845 N.W.2d 366
S.D.2014Background
- Mother (27) and Father (26) have two young children at issue (daughter age 2, son age 1); both parents have histories of substance abuse, criminal convictions, and repeated DSS involvement.
- DSS received multiple reports beginning in 2010 (marijuana use during pregnancy, positive UAs, child injuries/neglect); parents absconded from treatment and had periods of incarceration.
- Both children were adjudicated abused or neglected in 2012; DSS obtained legal custody and placed the children in foster care; the two cases were consolidated.
- Father spent most of the children’s lives incarcerated or unavailable; he had subsequent drug and felony charges and inconsistent participation in services and visits upon release.
- Mother engaged in programming and completed classes while incarcerated, but remained incarcerated with a projected release in June 2015, creating a lengthy delay to reunification and ongoing risk concerns.
- The circuit court terminated both parents’ rights, finding statutory exceptions to the reasonable-efforts requirement (SDCL 26-8A-21.1) and statutory grounds for termination (SDCL 26-8A-26.1); parents appealed and the Supreme Court affirmed.
Issues
| Issue | State’s Argument | Mother/Father’s Argument | Held |
|---|---|---|---|
| Whether termination was the least restrictive alternative in the children’s best interests | Termination appropriate because children need permanence; statutory grounds supported termination | Parents argued termination was clear error because they had made progress (esp. Mother in prison) and less-restrictive options existed | Affirmed — court did not clearly err; children’s need for stability outweighed parents’ progress given incarceration and history |
| Whether DSS provided reasonable efforts to reunify or exceptions applied | DSS invoked statutory exceptions (chronic substance abuse with documented neglect; prolonged/incarceration making parent unavailable) making reasonable-efforts requirement inapplicable | Parents argued DSS failed to make reasonable efforts (Mother sought narrow equitable exception given her compliance in prison; Father contested) | Affirmed — court properly applied SDCL 26-8A-21.1 and SDCL 26-8A-26.1; parents failed to rebut factual findings and thus waived or lost the argument |
Key Cases Cited
- In re E.L., 707 N.W.2d 841 (S.D. 2005) (addresses best-interest/least-restrictive analysis and statutory grounds for termination)

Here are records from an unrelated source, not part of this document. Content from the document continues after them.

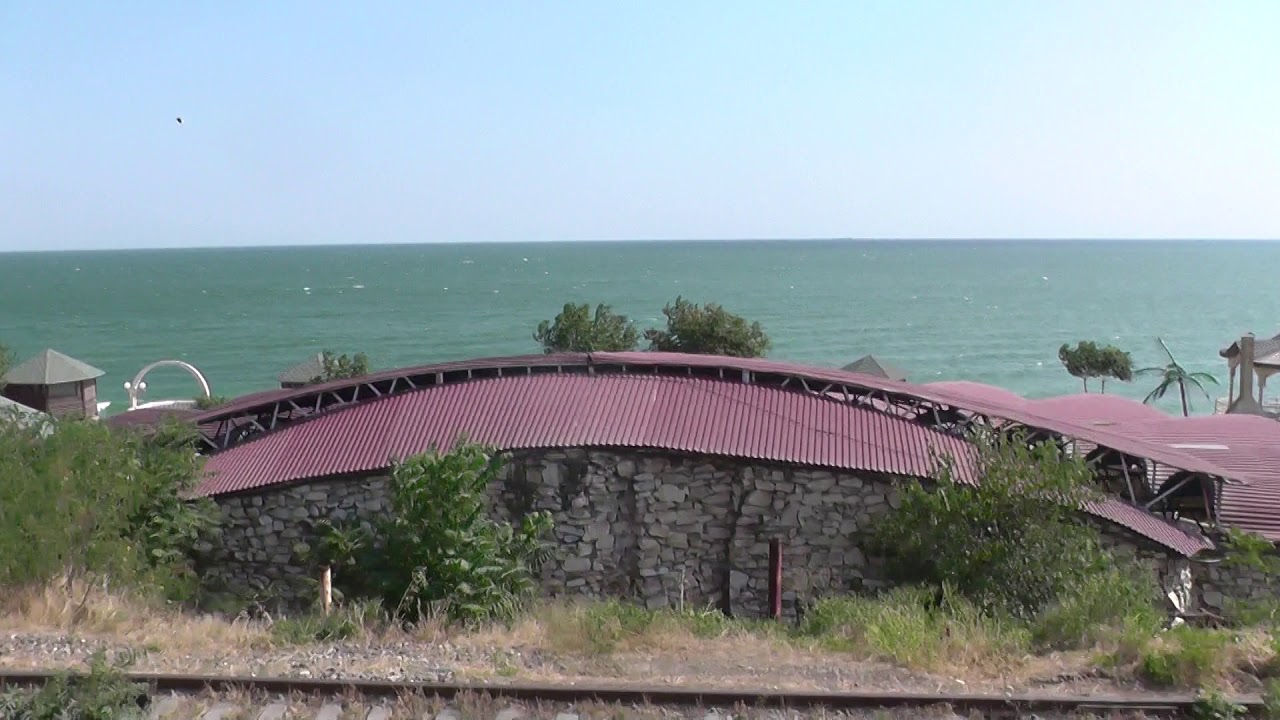 Махачкала и Каспийское море из окна поезда - YouTube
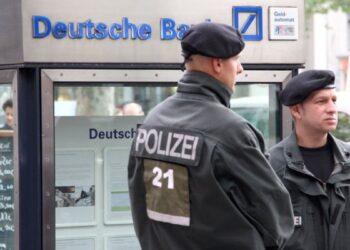 Policija pretresa DEUTSCHE BANK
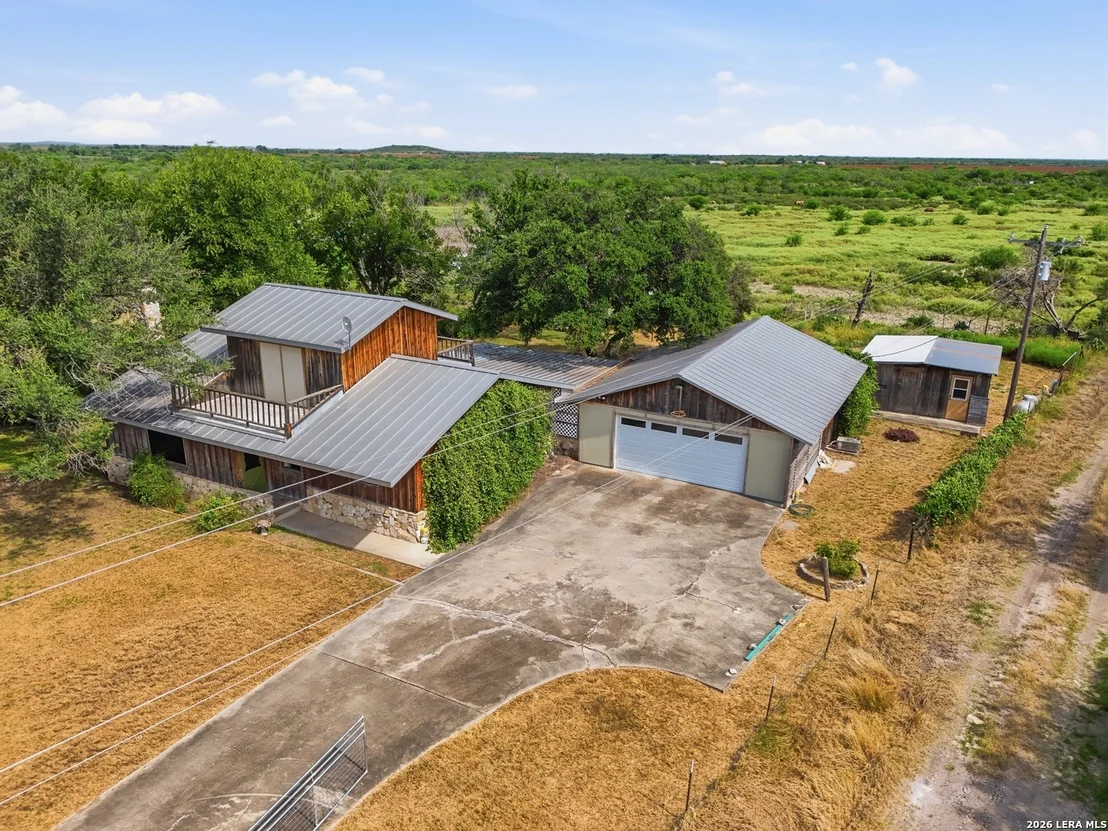 Photo of 383 County Road 404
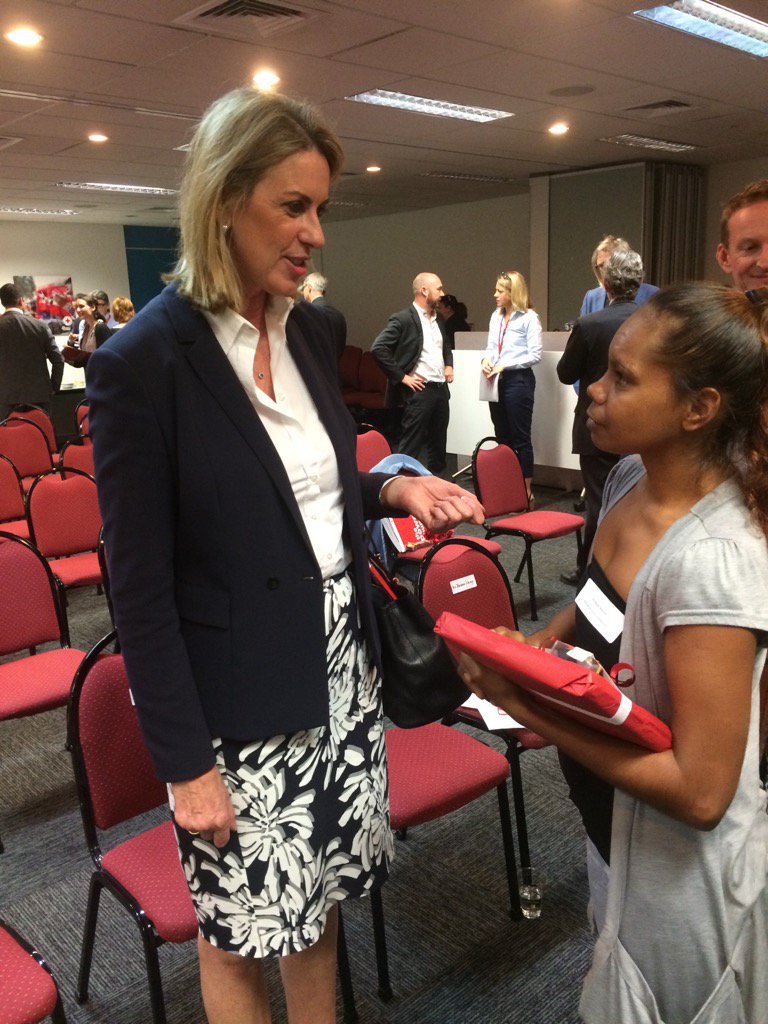 georgiecrozier's tweet photo. Spking with Mabel Malcolm about her experiences at the launch of #AusRedCross #VulnerabilityReport2016 #springst https://t.co/2dkhRT5Hwt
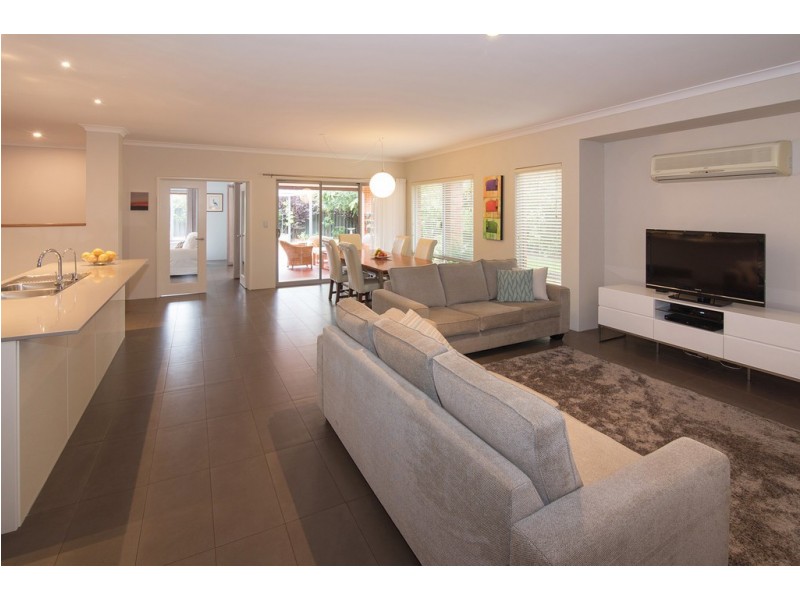 9 Cezanne Way, Yalyalup WA 6280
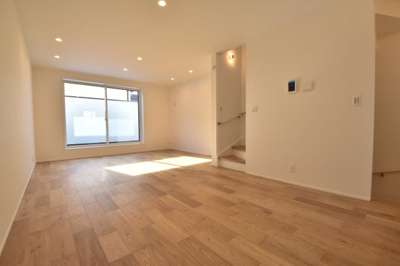 【居間・リビング】 | 南台４丁目～「笹塚」駅徒歩圏内・LDK２１.１帖の広々空間～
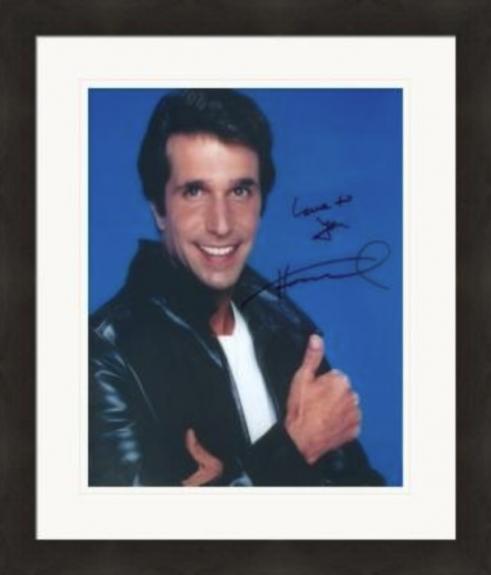 Henry Winkler autographed 8x10 Photo (Happy Days The Fonze) #SC44 Matted & Framed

- In re A.S., 614 N.W.2d 383 (S.D. 2000) (upholds termination where mother’s incarceration prevented timely reunification despite in-prison compliance)
- People ex rel. D.B., 670 N.W.2d 67 (S.D. 2003) (discusses trial court discretion to bypass reasonable-efforts requirement under SDCL 26-8A-21.1)
- In re A.L., 442 N.W.2d 233 (S.D. 1989) (principle that appellate court will affirm if trial court is right for any reason)
- People ex rel. C.H., 510 N.W.2d 119 (S.D. 1993) (parents bear burden to prove factual findings are erroneous)
- St. John v. Peterson, 804 N.W.2d 71 (S.D. 2011) (defines abuse of discretion standard)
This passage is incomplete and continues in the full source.